Karl ParkinsonContributor IIMay 27, 2011

VANCOUVER, CANADA - MAY 24:  Henrik Sedin #33 of the Vancouver Canucks controls the puck as teammate Daniel Sedin #22 looks on in Game Five of the Western Conference Finals against the San Jose Sharks during the 2011 Stanley Cup Playoffs at Rogers Arena on May 24, 2011 in Vancouver, British Columbia, Canada. The Canucks defeated the Sharks 3-2 in the second overtime to win the Western Conference Finals series 4-1. (Photo by Harry How/Getty Images)
Harry How/Getty Images

Yesterday I wrote an (apparently somewhat controversial) article about how the media is giving unwarranted attention to the play of Ryan Kesler in the first round.
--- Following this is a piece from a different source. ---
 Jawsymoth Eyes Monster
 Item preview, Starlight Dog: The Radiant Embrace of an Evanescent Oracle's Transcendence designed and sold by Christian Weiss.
In the comment section, a fellow user expressed the sentiment that, while my accusation may be accurate, there have been many other irrationalities expressed in the media and that perhaps I should highlight some of them. His sentiment was correct on two fronts: that Ryan Kesler is not the only beneficiary of unfair treatment in the media, and that yes, I should write about the others.

At various points in their careers Daniel and Henrik Sedin have been the subject of much controversy and criticism. They have been described as "soft," "enigmatic" and "overrated second-liners." They have been referred to many times as "The Sedin Sisters" or, my personal favourite, "the Tampon Twins" (even a Canuck fan has to admit that one's pretty funny).
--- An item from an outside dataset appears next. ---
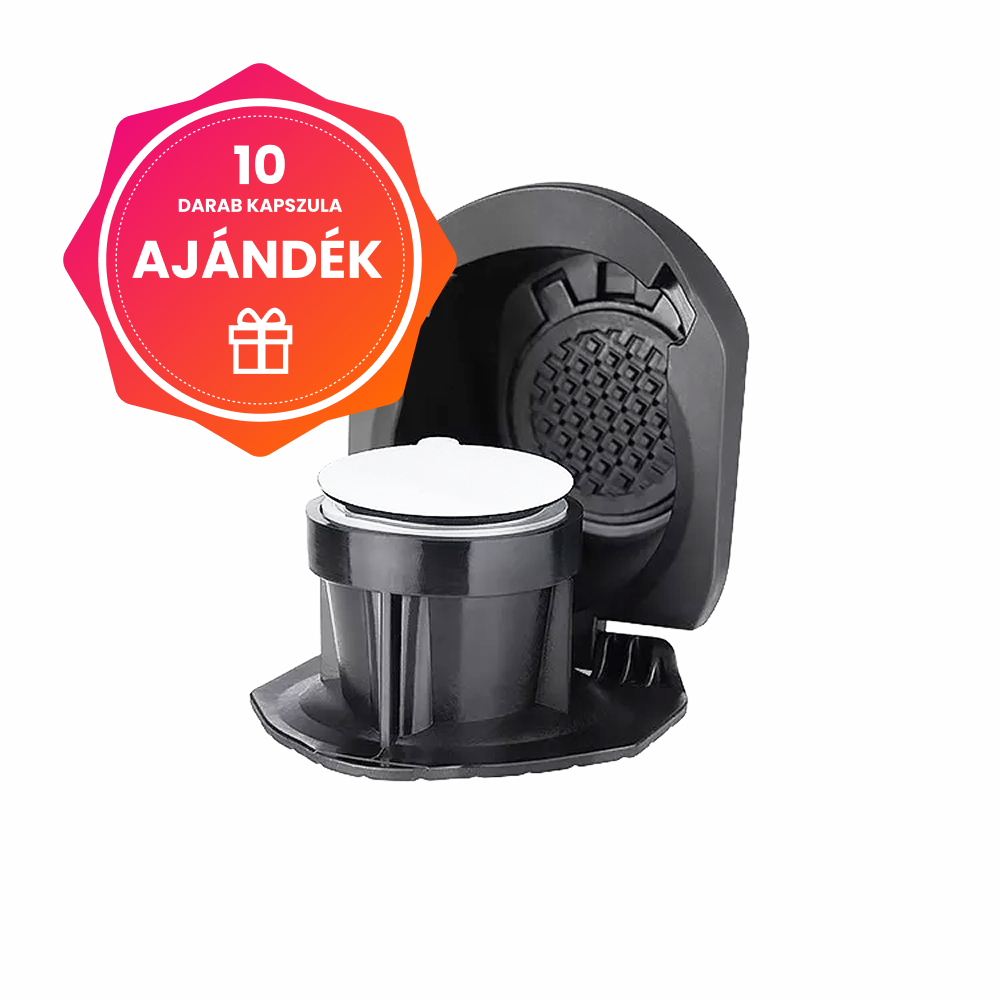 Kapszula adapter Dolce Gusto gépekhez – 2. típus - 10 kapszula ajándék!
Even after Daniel and Henrik ascended to the ranks of the NHL's elite and put together seasons of 104 and 112 points respectively, there still remained some doubt as to whether they could get it done in the playoffs or not. Two straight second-round defeats at the hands of the Chicago Blackhawks served to amplify that criticism.
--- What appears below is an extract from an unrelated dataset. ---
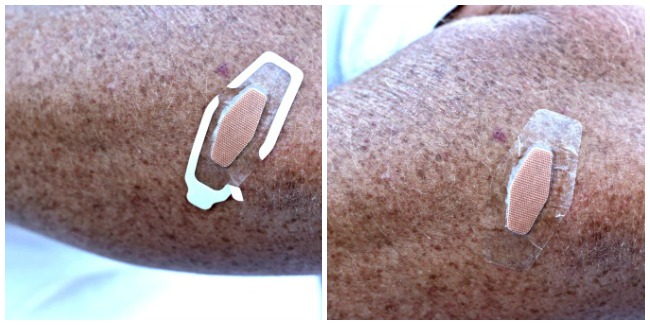 nexcare bandage on arm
The idea that the Sedin twins are playoff chokers is not entirely warranted. In the two years when the Canucks lost to the Blackhawks, Daniel and Henrik both put up 24 points in 22 games. That doesn't exactly strike me as "choking." The Canucks' failings the past two years are not the fault of the Sedins. Indeed, the Blackhawks were simply a better team in both years.

One would think that this year would be a different story. After all, the Canucks are in the Stanley Cup Finals for the first time in 17 years. The Sedins have to have shed their label as playoff underperformers, right?

Not necessarily.

If the headlines are to be believed, it would seem that at many times this spring, the Canucks are winning in spite of the Sedins. This is simply not true.

In the first round against Chicago, Daniel and Henrik received much of the blame for the Canucks coming within a Chris Campoli giveaway of being at the wrong end of the greatest comeback in modern history. It would appear that Dave Bolland was able to come into the lineup and immediately neutralize the Sedins.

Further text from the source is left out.